A presented cat butt made his opinion of that fairly plain.

Mr. Watson looked more nervous than impatient. He nodded a silent reply to Diana’s cheerful good morning, closed the door practically on her heels, and jerked the bus into gear. Had Diana not already been reaching into the possibilities, she’d have landed on her ass as he burned rubber trying to outrun half-buried memories.

Fully burying them would have messed with his ability to drive, so only the less likely edges had been fuzzed out, leaving him in a perpetual state of nearly remembering things he’d rather not. Which was actually a state fairly common among school bus drivers.

Diana tried not to resent his attitude, but it wasn’t easy. This semester alone she’d stopped a black pudding from devouring an eighth grader, saved Chrissy Selwick from a three-headed dog attracted to the aconite in the herbal body mist she’d been given for Christmas-might as well have had “eat me” tattooed on her forehead-and prevented a Gameboy™ from taking over the world. Handheld computer games were more competitive than most people thought.
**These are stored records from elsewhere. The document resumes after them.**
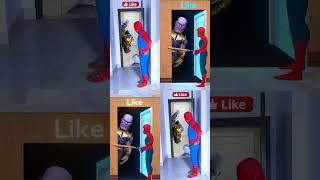 Spider-man vs thanos - find 5 difference  #spiderman #shorts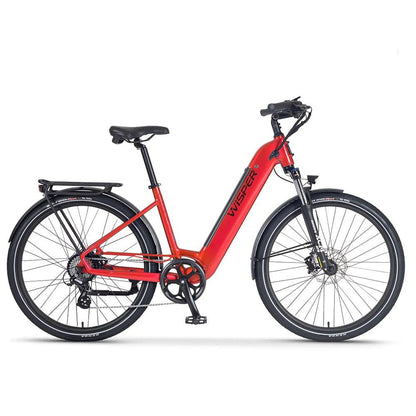 Wisper Wayfarer H7 Hub-Drive Step-Through E-Bike - Pillar Box Red - Swift Ebike Hub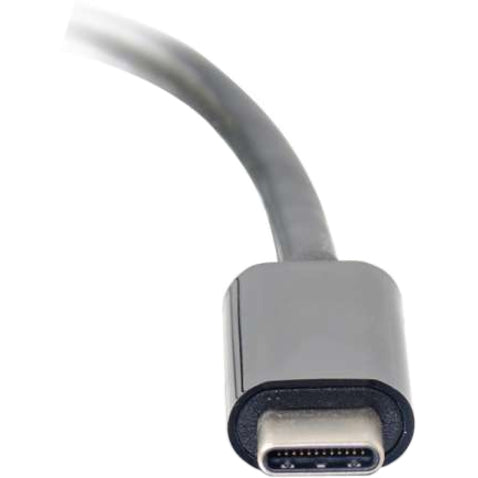 C2G USB-C to Enternet Network Adapter Converter - Type C Male/USB 3.0 to RJ45 - Black — 29826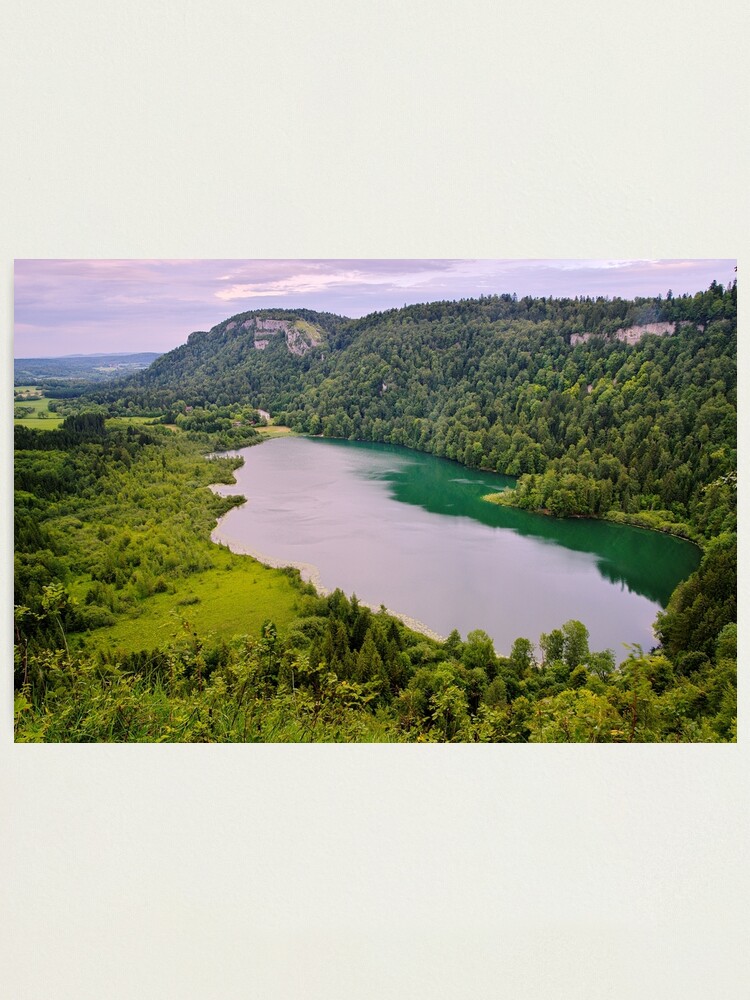 Thumbnail 1 of 3, Photographic Print, Dusk on Bonlieu lake designed and sold by patmo.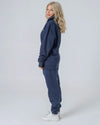 Womens Organic Cotton Relaxed-Fit Hoodie in Anthracite hewn.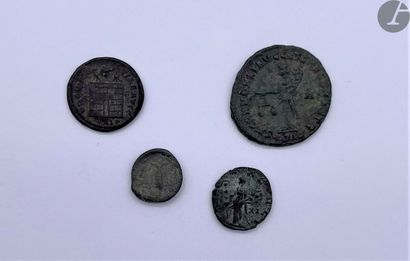 null Ensemble de 35 monnaies romaines (bronzes, antoniniens, deniers)

Dans l'ensemble...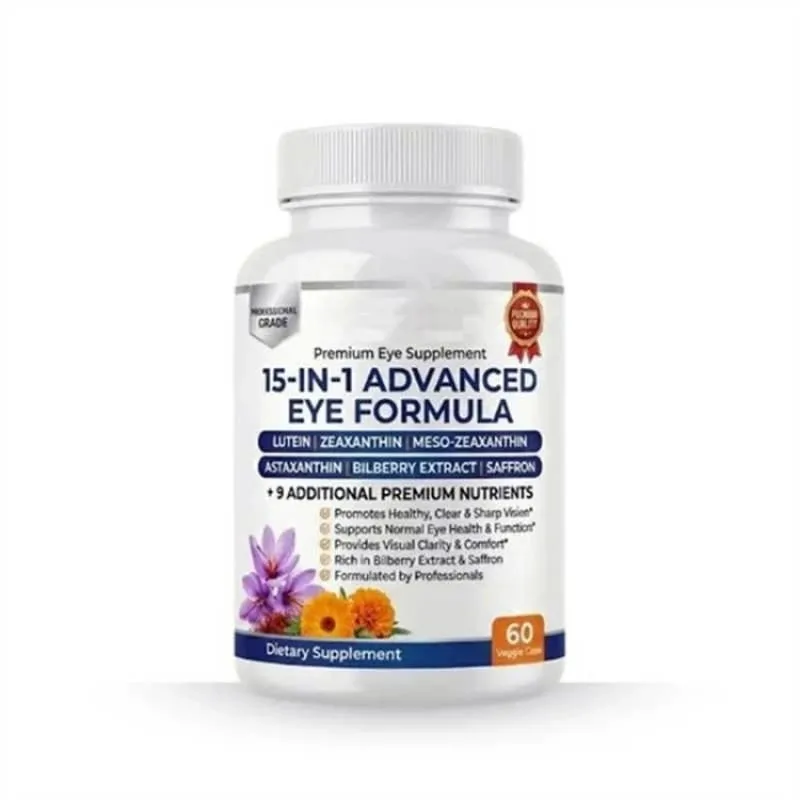15-in-1 Advanced Eye Formula Supplement with Lutein Zeaxanthin Bilberry& Premium Nutrients Supports Healthy Vision 60Veggie Caps — image 8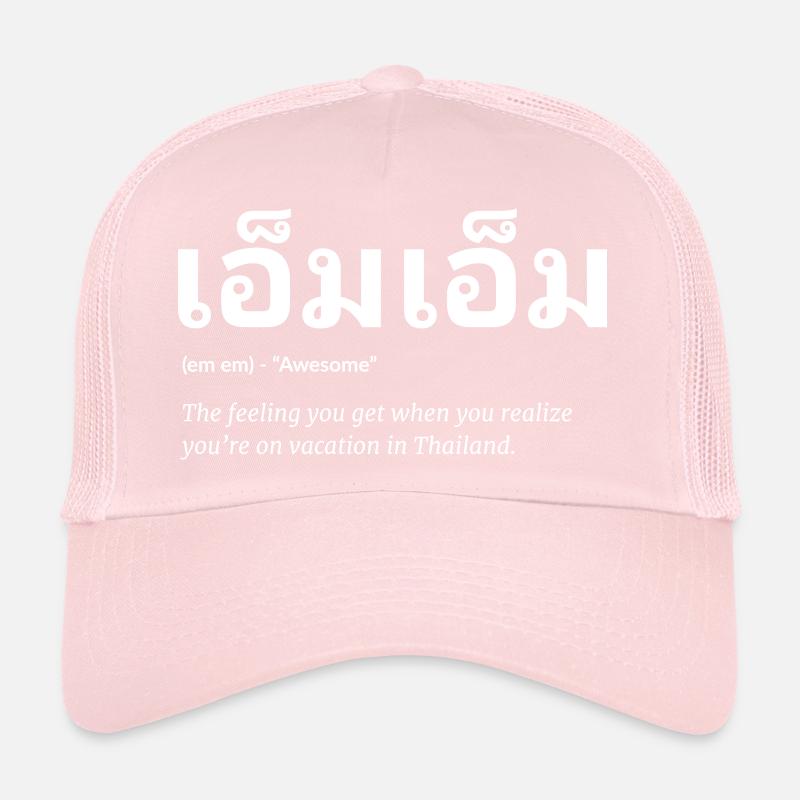 Thailand Thai Spruch Trucker Cap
She’d also stopped Nick Packwood from hanging a second grader out the window by his heels, but since she still wasn’t entirely certain the kid hadn’t deserved it, she usually left that particular incident off her “reasons Mr. Watson should thank his gods I’m on the bus” list.
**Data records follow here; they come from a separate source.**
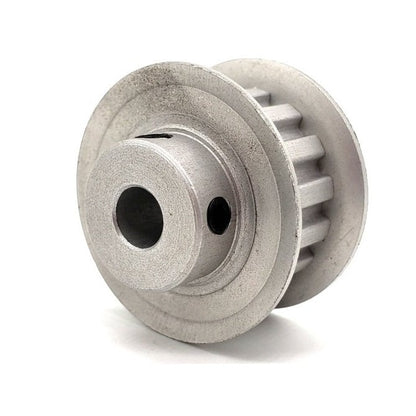 1091364 | P-050T-010-100FF-AS-N-040 --- Metric Timing Pulleys - 10 tooth - 10x4 mm - Aluminium with Steel Flanges
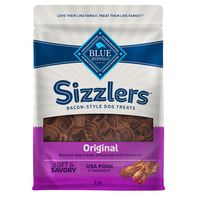 Blue Buffalo Sizzlers Golosinas Naturales Estilo Bacon para Perros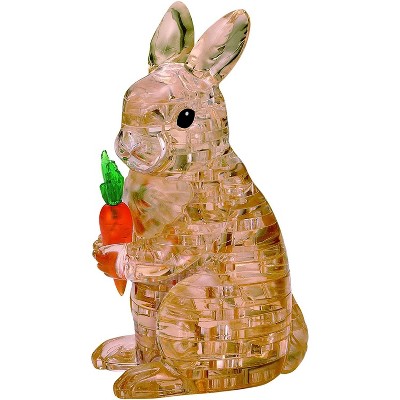 University Games Rabbit 43 Piece 3D Crystal Jigsaw Puzzle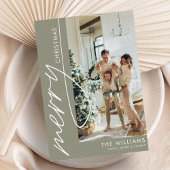 Trendy moderne foto Kerstmis Feestdagenkaart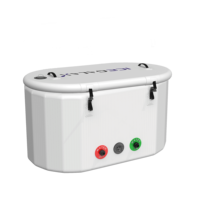ICEGALAX Portable pliant gonflage glace baignoire froid plongeant thérapie traitement baignoire pour athlètes récupération musculaire baignoire blanche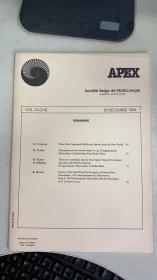 APEX Societe Belge de Malacologie 比利时软体动物(贝类) 学会会刊 英文版 Vol 14 (3-4) 1999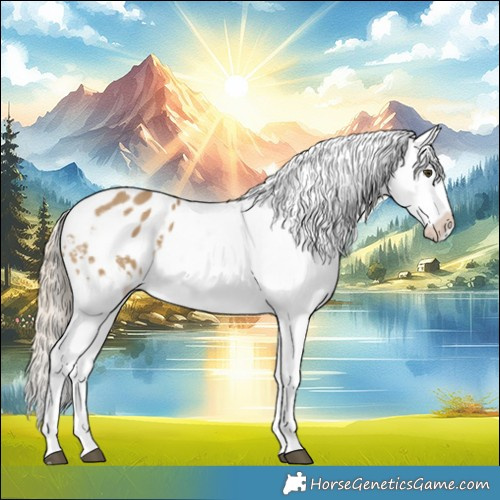 Horse Color:Chocolate Palomino Dun Appaloosa  and Chocolate Palomino Dun Splash Appaloosa 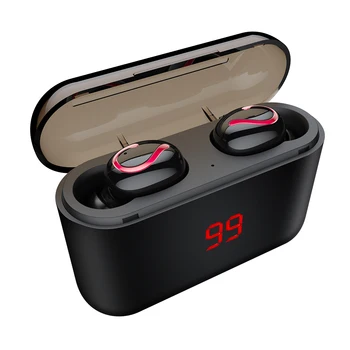 

HBQ TWS Earbuds Bluetooth 5.0 Earphone LED Wireless Headset Mini IPX5 Waterproof Sports Headphones for iPhone Xiaomi iOS
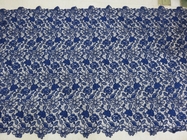 Königsblau schnürt gestickte Spitze-Gewebe-Blumenhandarbeit für Frauen-Kleid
Making her way back through the rugrats, Diana noticed without surprise that the last six rows-the rows reserved for the high school students on the route-were nearly empty. On this, the last day of the high school year, only two freshmen had been unable to find alternative transportation. “My brother was going to give me a ride/‘ said the first as she passed. ”But he had to go to work really early.“

“Yeah. I was going to ride my bike, but I had, like, an asthma attack,” the other explained, holding up his inhaler for corroboration.

Diana ignored them both. First, because a senior acknowledging freshmen would open up all sorts of possibilities she had no desire to deal with. Second, as the youngest, and therefore most powerful Keeper, as one of the Lineage who maintained the mystical balance of the world, as someone who had helped dose a hole to Hell and faced down demons, she didn’t need to justify her reasons for taking the bus.

Settling into her regular seat, she thanked any gods who might be listening that this would be the last day she’d ever be at the mercy of public education.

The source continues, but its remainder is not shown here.